About this exercise =
Set down exactly, with nothing added, the lines from the one containing "Summer athletic shoes" through the end of the entries.
(Input data)
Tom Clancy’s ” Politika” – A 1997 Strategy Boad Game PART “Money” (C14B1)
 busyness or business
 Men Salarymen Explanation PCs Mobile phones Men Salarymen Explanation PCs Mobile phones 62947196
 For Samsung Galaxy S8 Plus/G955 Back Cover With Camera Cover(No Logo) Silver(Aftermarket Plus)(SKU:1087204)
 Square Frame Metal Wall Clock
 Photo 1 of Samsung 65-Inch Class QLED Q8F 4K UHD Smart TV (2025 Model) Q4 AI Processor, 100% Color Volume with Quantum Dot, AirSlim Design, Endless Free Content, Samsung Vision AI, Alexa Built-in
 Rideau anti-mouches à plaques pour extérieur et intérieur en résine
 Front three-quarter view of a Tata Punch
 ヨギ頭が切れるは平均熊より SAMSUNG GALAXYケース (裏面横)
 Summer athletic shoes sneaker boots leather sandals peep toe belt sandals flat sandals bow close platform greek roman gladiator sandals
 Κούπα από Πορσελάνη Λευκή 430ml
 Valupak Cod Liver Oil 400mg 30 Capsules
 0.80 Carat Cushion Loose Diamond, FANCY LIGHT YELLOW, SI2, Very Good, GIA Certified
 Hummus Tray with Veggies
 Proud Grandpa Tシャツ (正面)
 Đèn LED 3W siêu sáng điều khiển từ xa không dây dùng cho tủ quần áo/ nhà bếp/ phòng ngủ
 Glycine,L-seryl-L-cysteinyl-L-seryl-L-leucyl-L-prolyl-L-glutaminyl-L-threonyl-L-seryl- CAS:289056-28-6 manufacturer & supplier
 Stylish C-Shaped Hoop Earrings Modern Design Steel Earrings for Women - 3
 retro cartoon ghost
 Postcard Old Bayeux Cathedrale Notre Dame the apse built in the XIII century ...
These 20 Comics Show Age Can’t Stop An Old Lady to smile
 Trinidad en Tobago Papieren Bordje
(End Input data)
Your solution =
 Summer athletic shoes sneaker boots leather sandals peep toe belt sandals flat sandals bow close platform greek roman gladiator sandals
 Κούπα από Πορσελάνη Λευκή 430ml
 Valupak Cod Liver Oil 400mg 30 Capsules
 0.80 Carat Cushion Loose Diamond, FANCY LIGHT YELLOW, SI2, Very Good, GIA Certified
 Hummus Tray with Veggies
 Proud Grandpa Tシャツ (正面)
 Đèn LED 3W siêu sáng điều khiển từ xa không dây dùng cho tủ quần áo/ nhà bếp/ phòng ngủ
 Glycine,L-seryl-L-cysteinyl-L-seryl-L-leucyl-L-prolyl-L-glutaminyl-L-threonyl-L-seryl- CAS:289056-28-6 manufacturer & supplier
 Stylish C-Shaped Hoop Earrings Modern Design Steel Earrings for Women - 3
 retro cartoon ghost
 Postcard Old Bayeux Cathedrale Notre Dame the apse built in the XIII century ...
These 20 Comics Show Age Can’t Stop An Old Lady to smile
 Trinidad en Tobago Papieren Bordje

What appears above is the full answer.